WHAT THE TASK ASKS: Line by line, copy the records below exactly and leave the pictures out.

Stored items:

============================================================

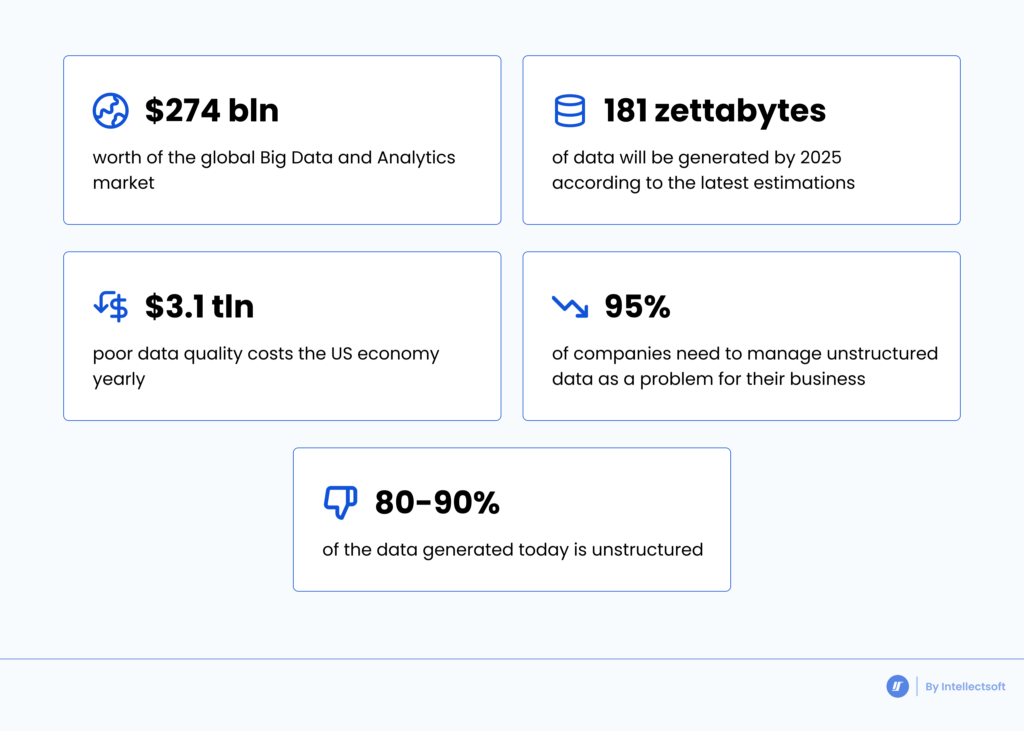 Data statistics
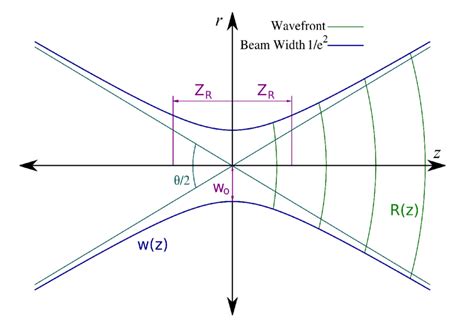 2. Schematic of a Gaussian beam around the beam waist with typical... | Download Scientific Diagram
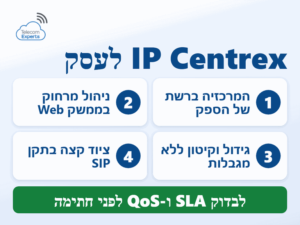 IP Centrex לעסק: המרכזיה יושבת ברשת של ספק התקשורת ומנוהלת מרחוק בממשק Web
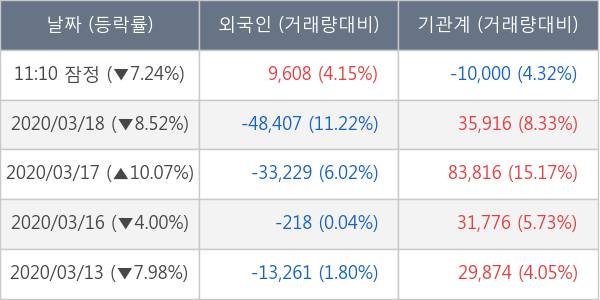 네오위즈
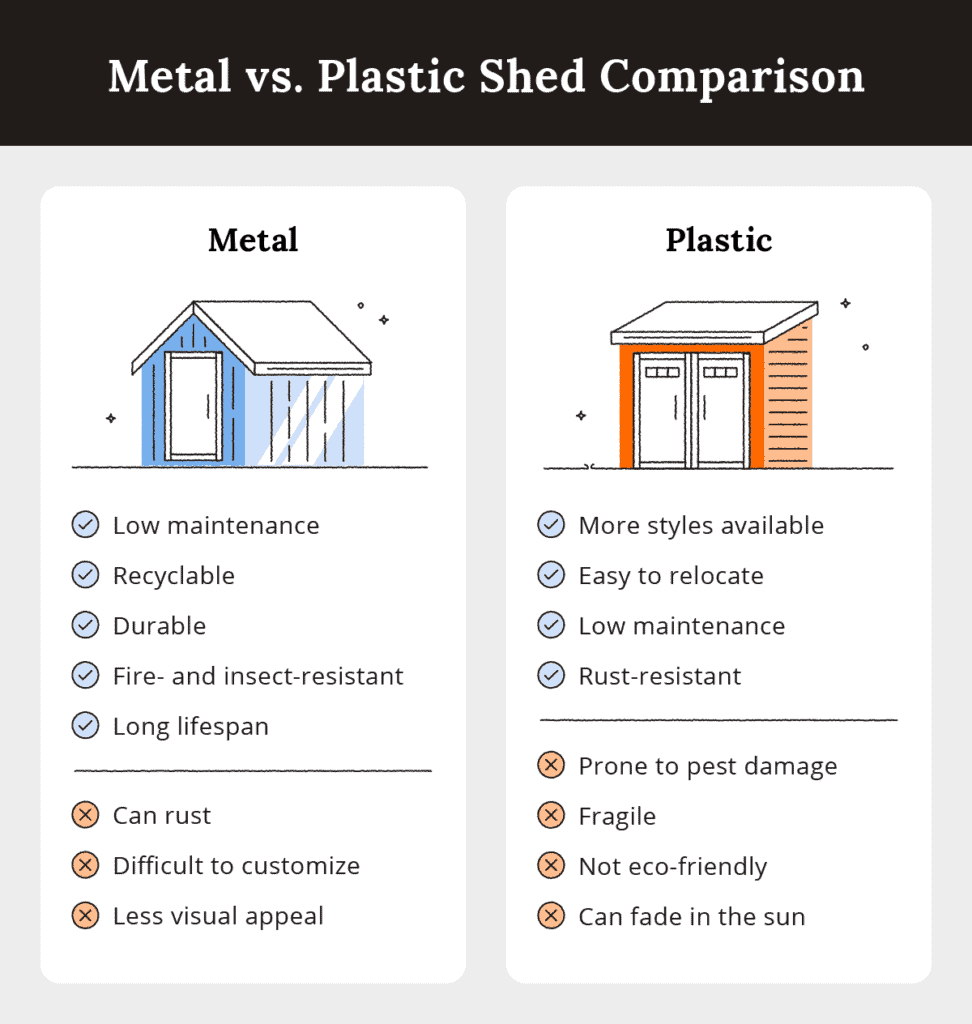 metal vs plastic shed comparison chart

============================================================

REPLY TO THE EXERCISE:
 Data statistics
 2. Schematic of a Gaussian beam around the beam waist with typical... | Download Scientific Diagram
 IP Centrex לעסק: המרכזיה יושבת ברשת של ספק התקשורת ומנוהלת מרחוק בממשק Web
 네오위즈
 metal vs plastic shed comparison chart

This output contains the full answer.